▸ Goal of the exercise: Every entry is to be returned exactly as it stands; the pictures are to be dropped.

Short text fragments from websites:
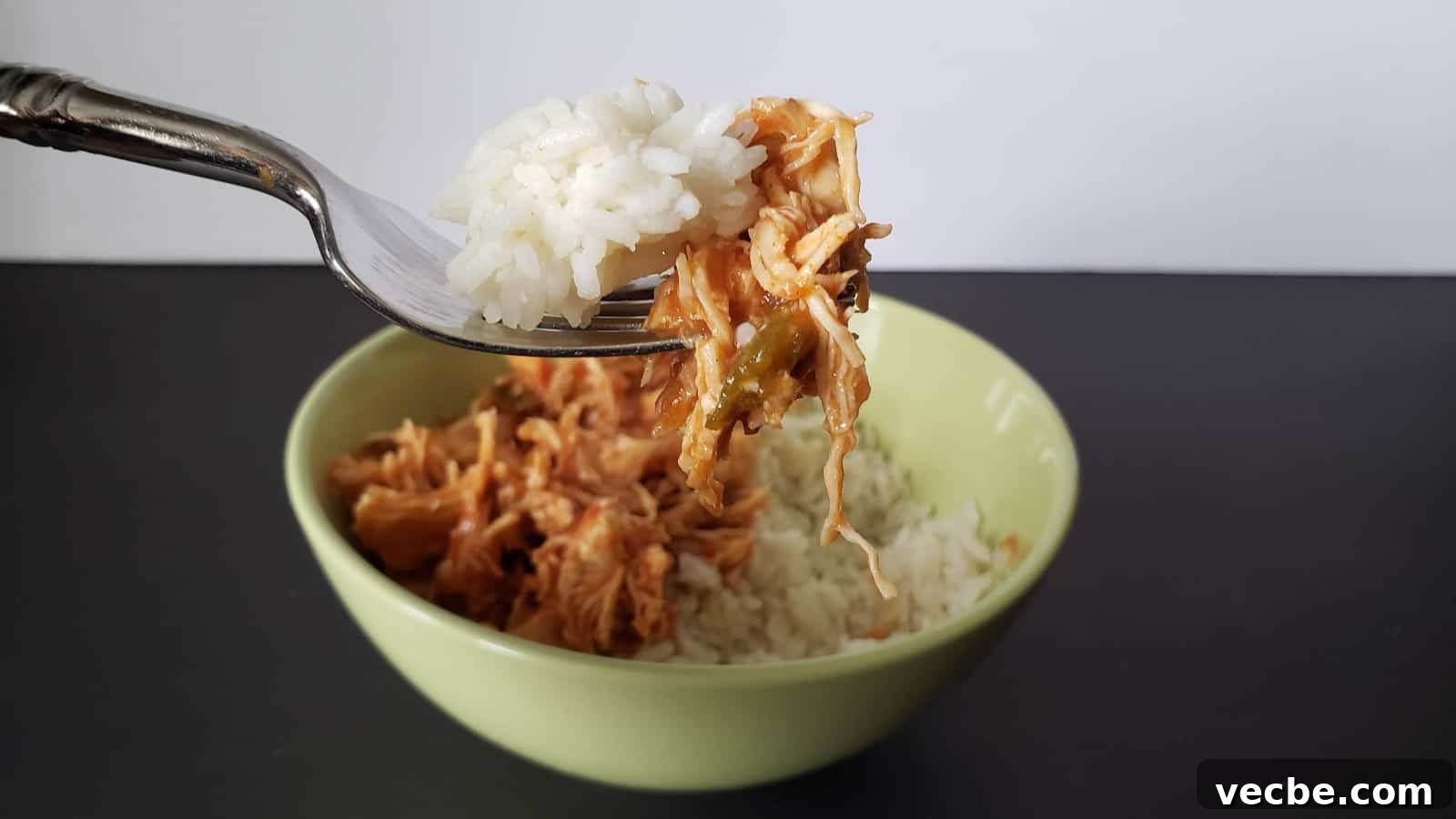 19 Budget-Friendly Meals to Replace Takeout 11 Image shows a Bite of tomato lime chicken on a fork with rice and the rest of the bowl in the background.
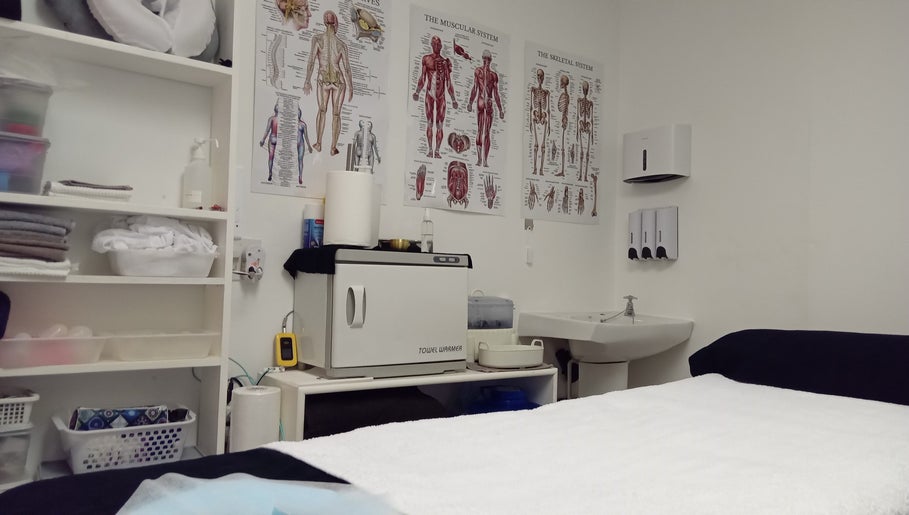 Sports Massage & Cupping Clinic therapy room in Durban North, Kwazulu-natal, ZA with anatomical charts.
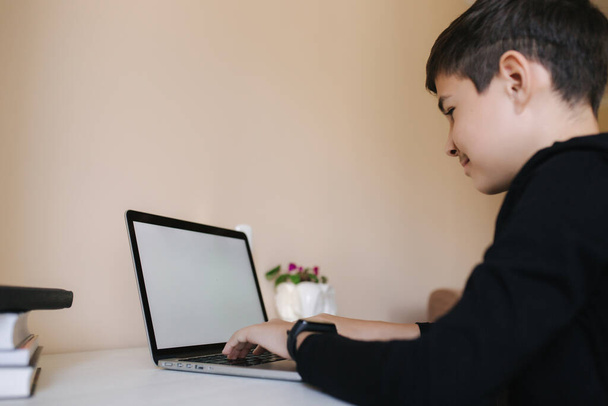 Teenagerjunge, der zu Hause an der Handfläche werkelt. Junge spielen Online-Spiele zu Hause. Studie in Quarantäne. Glücklicher Schuljunge während der Qurantine - Foto, Bild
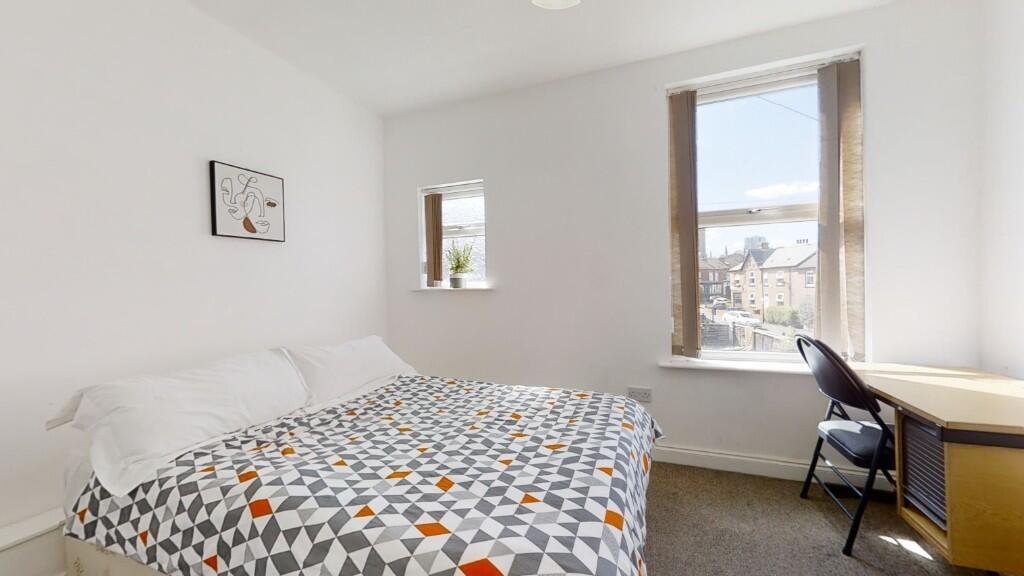 A bright and neatly presented double bedroom fe...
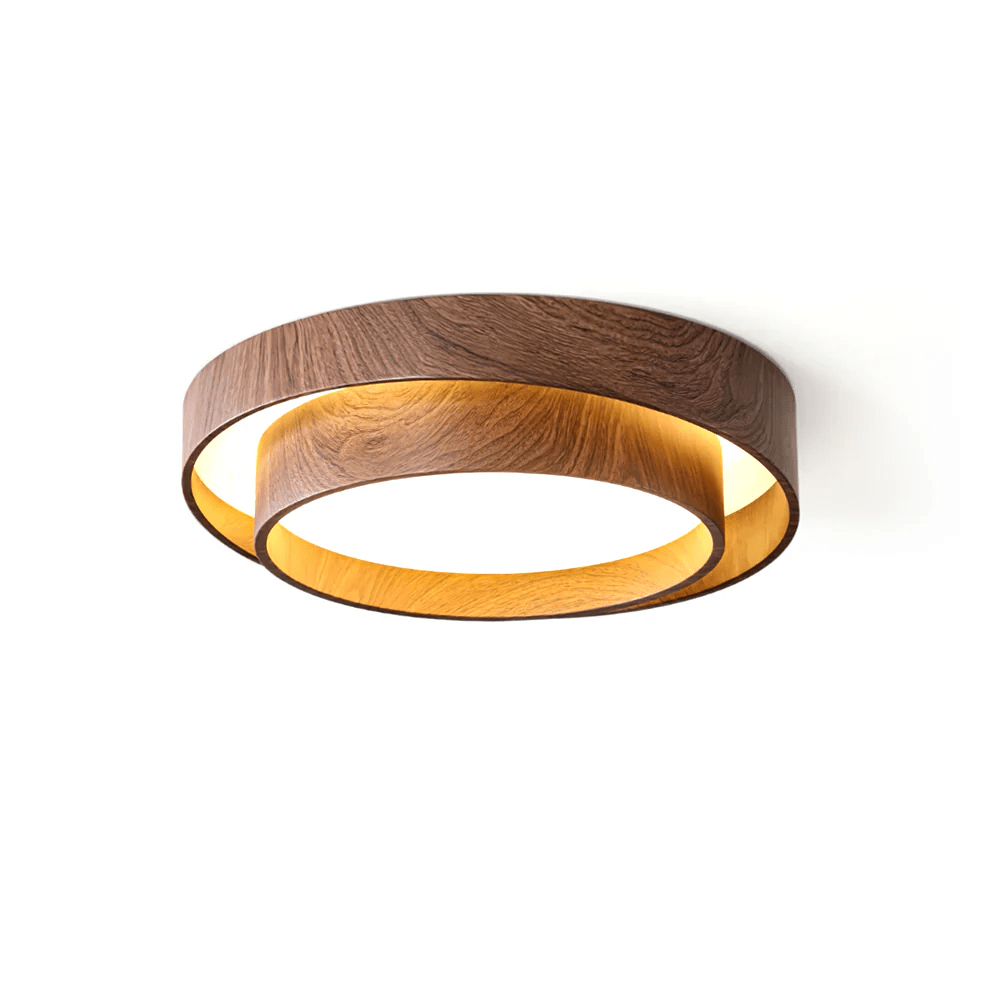 Lit Clérachic ceiling light on a white backdrop, with a golden-oak glow inside the lower ring below the walnut-look outer ring.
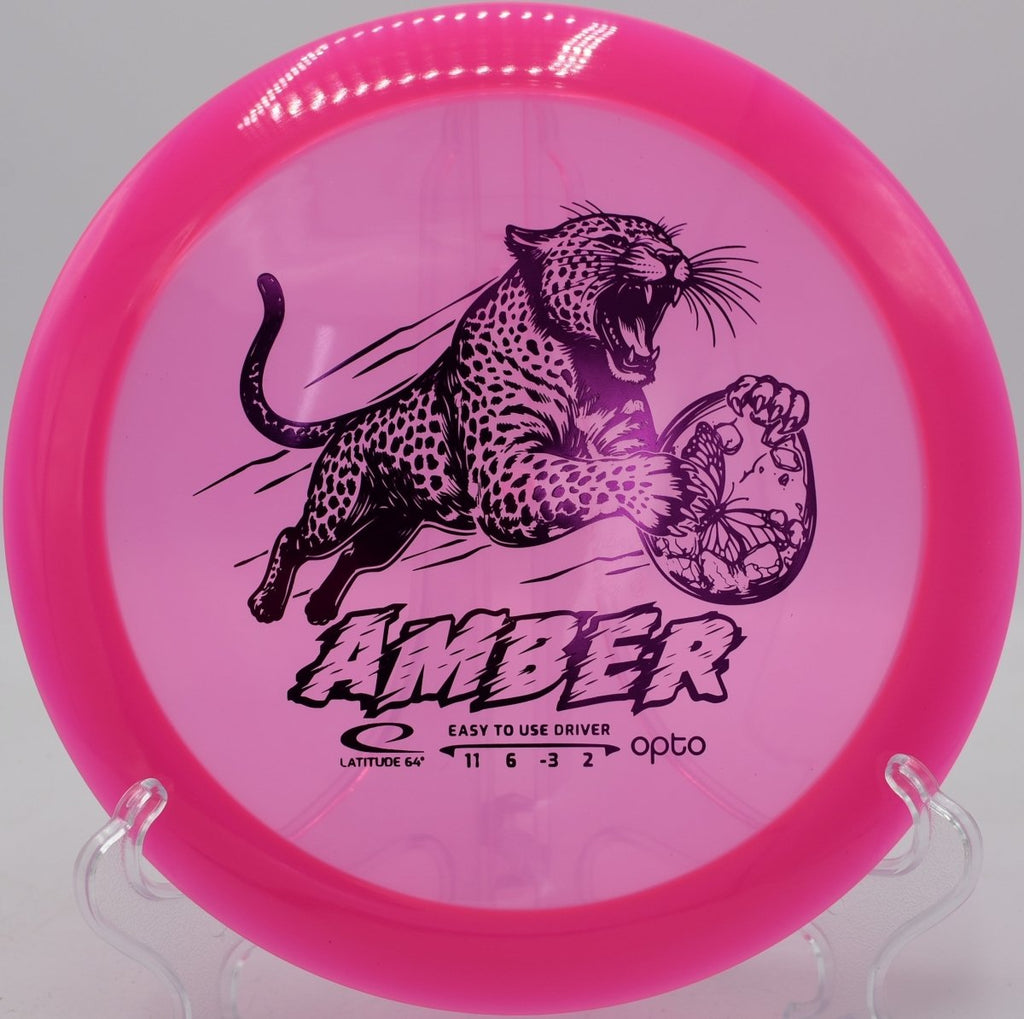 Opto Amber distance driver displayed at Milo McIver Disc Golf Course in Estacada, Oregon, built for long hyzer flips and controlled distance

▸ Solution to the problem:
 19 Budget-Friendly Meals to Replace Takeout 11 Image shows a Bite of tomato lime chicken on a fork with rice and the rest of the bowl in the background.
 Sports Massage & Cupping Clinic therapy room in Durban North, Kwazulu-natal, ZA with anatomical charts.
 Teenagerjunge, der zu Hause an der Handfläche werkelt. Junge spielen Online-Spiele zu Hause. Studie in Quarantäne. Glücklicher Schuljunge während der Qurantine - Foto, Bild
 A bright and neatly presented double bedroom fe...
 Lit Clérachic ceiling light on a white backdrop, with a golden-oak glow inside the lower ring below the walnut-look outer ring.
 Opto Amber distance driver displayed at Milo McIver Disc Golf Course in Estacada, Oregon, built for long hyzer flips and controlled distance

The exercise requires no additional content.